I have one file containing thousands of table names in single column. Now I want that file split into multiple files e.g one file containing table names starting from A, other containing all tables starting from B...and so on..till Z.

I tried below but it did not work.

for i in {A..Z}; do grep ^$i ; done< erg.txt

Using this logic it just gives tables starting with A and then stops. While it should give all files in sequence, then I can use some logic to save them alphabetically Please advise.

here, erg.txt is the name of main file. Sample is like this

user@86340-hostname:~$ cat erg.txt | head
ABD_DET
ABS_MSTR
ABSC_DET
ABSCC_DET
ABSD_DET
ABSI_MSTR
ABSL_DET
ABSP_DET
ABSPLI_REF
ABSR_DET
awk 'NF{if(f) close(f);f=substr($1,1,1)".txt";print >>f}' erg.txt
1 Like

This proposal is nice and short and solves the problem, but in case (large chunks of) the input file is sorted, it performs too many unnecessary file open/close operations.
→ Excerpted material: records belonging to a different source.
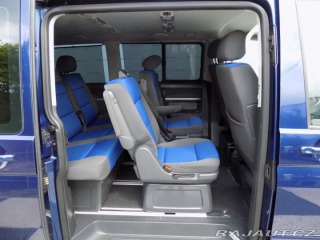 Volkswagen Multivan 2.5TDI/96KW/NAVI/7.míst/ 2008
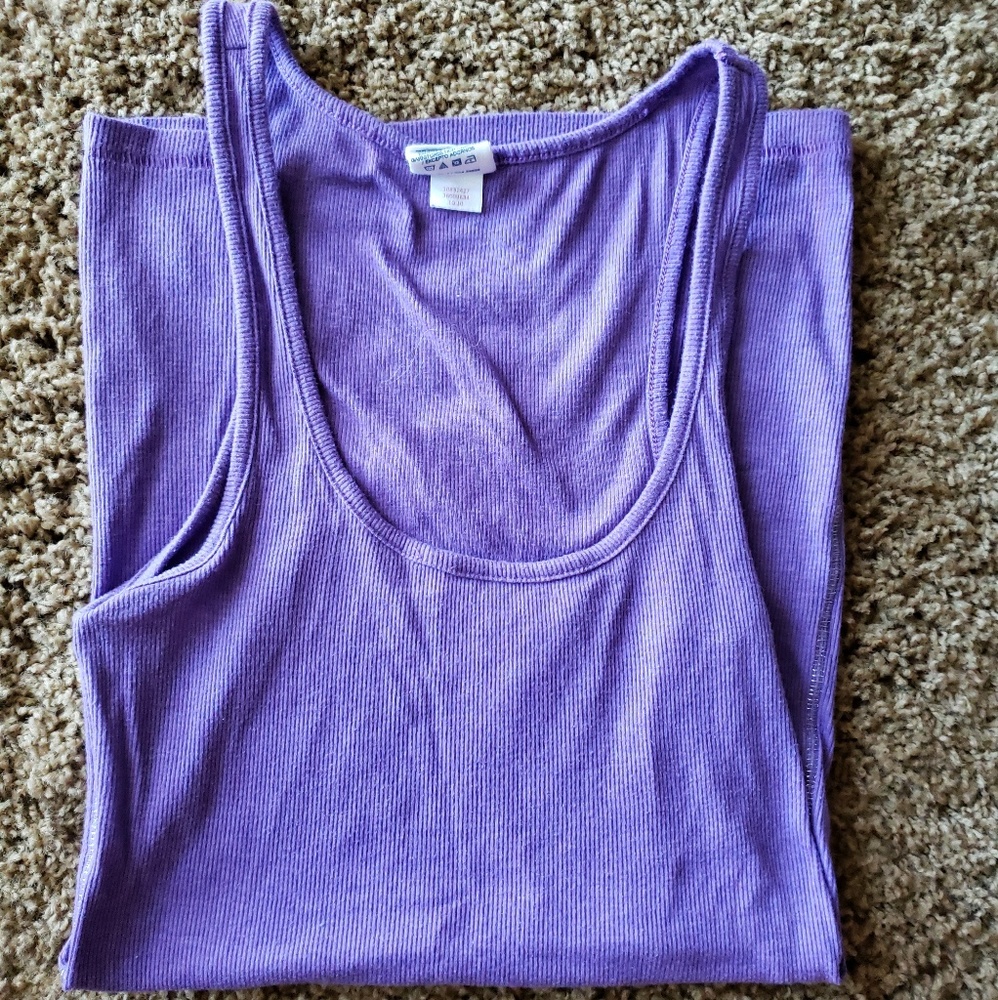 PINK purple tank top add to bundle for $2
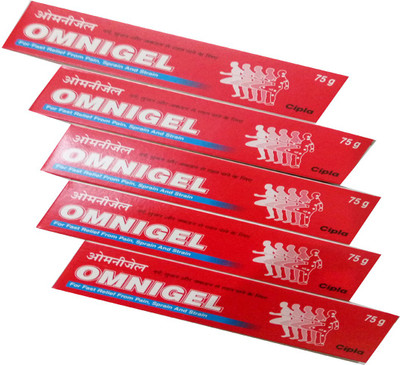 

Cipla OMNIGEL (FAST PAIN RELIEF GEL) Gel(75 g)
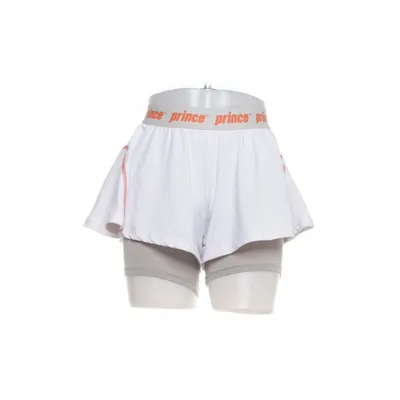 Träningsshorts (Vit) från Prince Elastan, Polyester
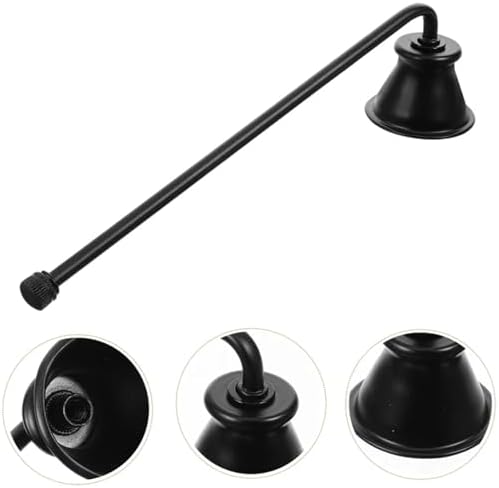 6Pcs Golden Candle Snuffer Flame Extinguisher Tool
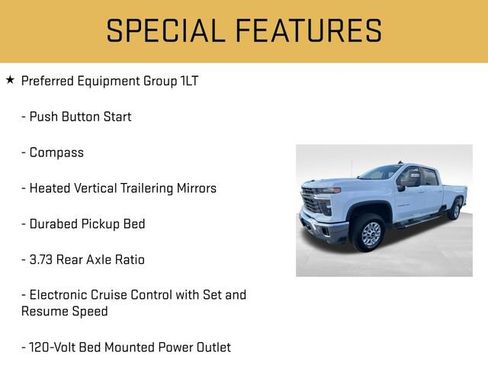 Used 2025 Chevrolet Silverado 2500 LT w/ Convenience Package AWD/4WD image 20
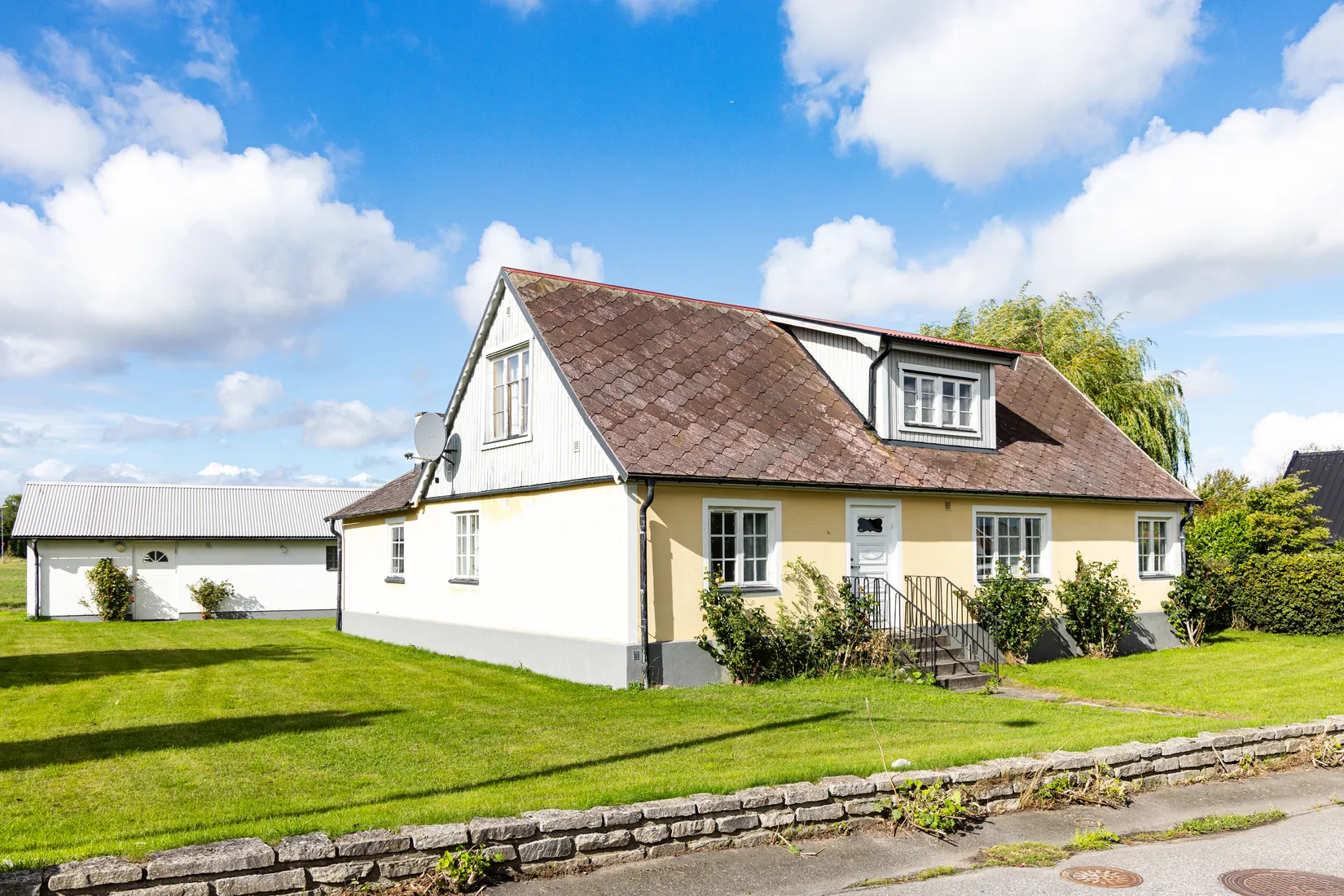 Villa, Aktergatan 2, Skillinge, Simrishamn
Try a small adaption:

awk '
NF      {TMP=substr($1,1,1)".txt"
         if (FN && FN != TMP) close (FN)                 
         FN=TMP
         print >> FN
        }
' file
2 Likes

Thanks..It worked like a magic :slight_smile:

Could you please explain the logic as well? I never used FN in awk so it will be a learning for me.:slight_smile:

It extracts the first character from the first field in every line and stores it, extended by the string constant ".txt", into a temp string variable. If this differs from the old file name in variable FN, close the old file. Then assign the temp var to the file name var FN, and append the entire line to this file.

BTW, a small adaption to your own code snippet would have made it work:

for i in {A..Z}; do grep ^$i <erg.txt >$i.txt ; done

, although it would have opened and read erg.txt 26 times.

1 Like

Plus, it would have created 26 files with A to Z whether grep found content to place into or not from erg.txt.

Thanks guys! I appreciate your responses.